Food, Healthcare & Transportation Allowances
Beyond housing, the IRS provides clear guidelines for other essential living expenses. Under the National Standards, a single individual in Saginaw, MI MSA is allowed $812 monthly for Food, Clothing & Other, increasing to $1983 for a family of four. These figures are based on the Bureau of Labor Statistics Consumer Expenditure Survey. For healthcare, the National Standards for Out-of-Pocket Healthcare permit $75 per month for individuals under 65 and $153 per month for those 65 and over, per person. A family of four, all under 65, could claim $300 monthly (4 × $75). These amounts are derived from the Medical Expenditure Panel Survey. Transportation is also covered by Local Standards for Saginaw, MI MSA. A taxpayer owning one car can claim $588 for ownership costs plus $270 for operating costs, totaling $858 per month. For two cars, the allowance is $1176 for ownership and $270 for operating, totaling $1446. These transportation figures are based on BLS data and American Automobile Association operating costs.

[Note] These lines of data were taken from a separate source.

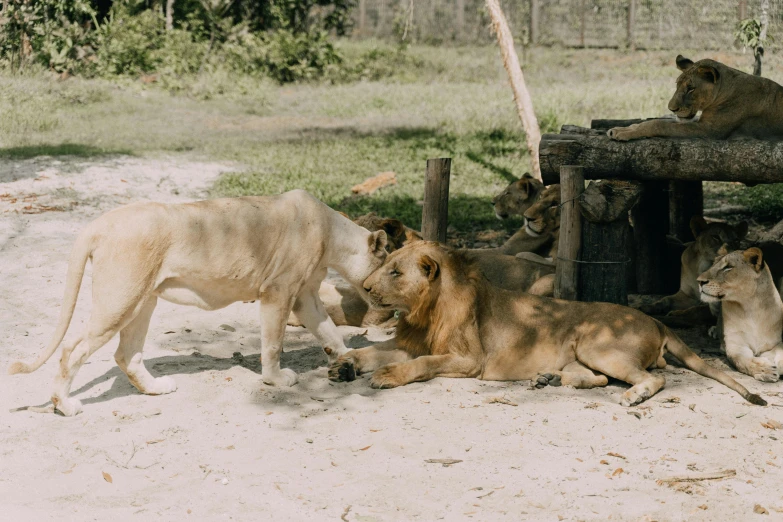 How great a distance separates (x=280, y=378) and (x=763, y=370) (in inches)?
138

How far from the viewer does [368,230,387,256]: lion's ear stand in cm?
688

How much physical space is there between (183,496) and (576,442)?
232 centimetres

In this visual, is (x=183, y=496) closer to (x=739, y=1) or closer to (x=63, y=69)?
(x=63, y=69)

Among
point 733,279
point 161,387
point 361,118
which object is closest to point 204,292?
point 161,387

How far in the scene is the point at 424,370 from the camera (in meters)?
6.66

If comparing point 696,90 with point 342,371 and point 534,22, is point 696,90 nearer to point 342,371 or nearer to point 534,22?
point 342,371

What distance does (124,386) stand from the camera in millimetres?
6566

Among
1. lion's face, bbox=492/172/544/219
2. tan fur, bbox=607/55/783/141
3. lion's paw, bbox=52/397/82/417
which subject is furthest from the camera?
lion's face, bbox=492/172/544/219

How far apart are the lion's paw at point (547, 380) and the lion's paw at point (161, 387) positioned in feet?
8.28

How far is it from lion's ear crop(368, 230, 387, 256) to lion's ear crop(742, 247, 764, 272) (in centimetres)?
266

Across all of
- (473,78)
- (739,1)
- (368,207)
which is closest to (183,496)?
(368,207)

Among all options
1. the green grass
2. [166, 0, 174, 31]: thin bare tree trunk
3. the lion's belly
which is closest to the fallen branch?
the lion's belly

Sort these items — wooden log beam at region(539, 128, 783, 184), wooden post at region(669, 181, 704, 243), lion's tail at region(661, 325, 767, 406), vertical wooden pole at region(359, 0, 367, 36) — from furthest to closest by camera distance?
vertical wooden pole at region(359, 0, 367, 36)
wooden post at region(669, 181, 704, 243)
wooden log beam at region(539, 128, 783, 184)
lion's tail at region(661, 325, 767, 406)

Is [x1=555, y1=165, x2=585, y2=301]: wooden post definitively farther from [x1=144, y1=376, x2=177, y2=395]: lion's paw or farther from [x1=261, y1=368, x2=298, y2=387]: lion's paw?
[x1=144, y1=376, x2=177, y2=395]: lion's paw
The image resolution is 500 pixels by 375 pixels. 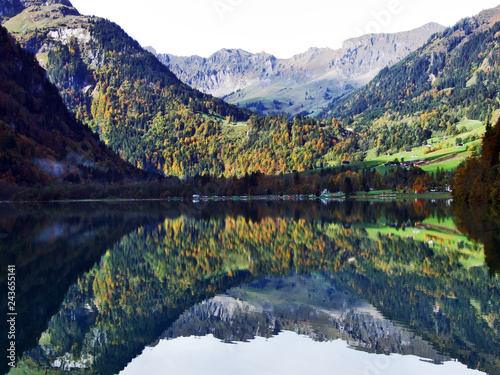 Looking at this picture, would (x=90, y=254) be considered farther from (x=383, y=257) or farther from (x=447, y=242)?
(x=447, y=242)

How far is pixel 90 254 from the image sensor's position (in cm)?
4731

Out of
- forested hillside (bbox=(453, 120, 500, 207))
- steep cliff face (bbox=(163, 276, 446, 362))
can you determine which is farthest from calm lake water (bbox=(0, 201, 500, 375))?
forested hillside (bbox=(453, 120, 500, 207))

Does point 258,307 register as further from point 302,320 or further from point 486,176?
point 486,176

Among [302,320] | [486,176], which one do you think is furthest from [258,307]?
[486,176]

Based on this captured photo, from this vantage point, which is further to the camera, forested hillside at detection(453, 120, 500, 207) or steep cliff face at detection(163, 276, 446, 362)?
forested hillside at detection(453, 120, 500, 207)

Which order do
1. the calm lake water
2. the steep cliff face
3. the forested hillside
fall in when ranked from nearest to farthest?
the calm lake water, the steep cliff face, the forested hillside

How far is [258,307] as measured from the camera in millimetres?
29328

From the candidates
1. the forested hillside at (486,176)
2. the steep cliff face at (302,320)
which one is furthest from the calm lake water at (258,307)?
the forested hillside at (486,176)

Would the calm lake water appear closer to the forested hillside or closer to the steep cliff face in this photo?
the steep cliff face

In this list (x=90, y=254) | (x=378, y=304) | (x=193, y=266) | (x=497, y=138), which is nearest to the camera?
(x=378, y=304)

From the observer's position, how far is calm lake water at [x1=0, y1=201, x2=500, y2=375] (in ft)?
69.3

Qualifying for Currently Not Collectible (CNC) Status in Michigan
Achieving Currently Not Collectible (CNC) status can provide significant relief from IRS enforced collection in Michigan. To qualify, taxpayers in Saginaw, MI MSA must demonstrate that their allowable monthly expenses meet or exceed their monthly income, leaving no funds available for tax debt payment. This process begins by submitting a comprehensive Form 433-A, Collection Information Statement. For a single filer in Saginaw, MI MSA, a typical calculation might include justified housing expenses (e.g., using the HUD FMR 2BR amount of $1240.0 as a reasonable actual expense in the absence of an IRS local standard), $812 for food, clothing & other, $75 for healthcare (under 65), and $858 for transportation (one car). The sum of these would be $1240.0 + $812 + $75 + $858 = $2985.0. If your monthly income is $2985.0 or less, you may qualify. The IRS outlines CNC procedures in IRM 5.16.1, which can lead to the release of an existing levy under IRC §6343. It's vital to remember that while CNC status temporarily stops collections, it does not erase the debt. The Collection Statute Expiration Date (CSED), generally 10 years from assessment under IRC §6502, continues to run during CNC status, meaning the debt will eventually expire if not collected within that period.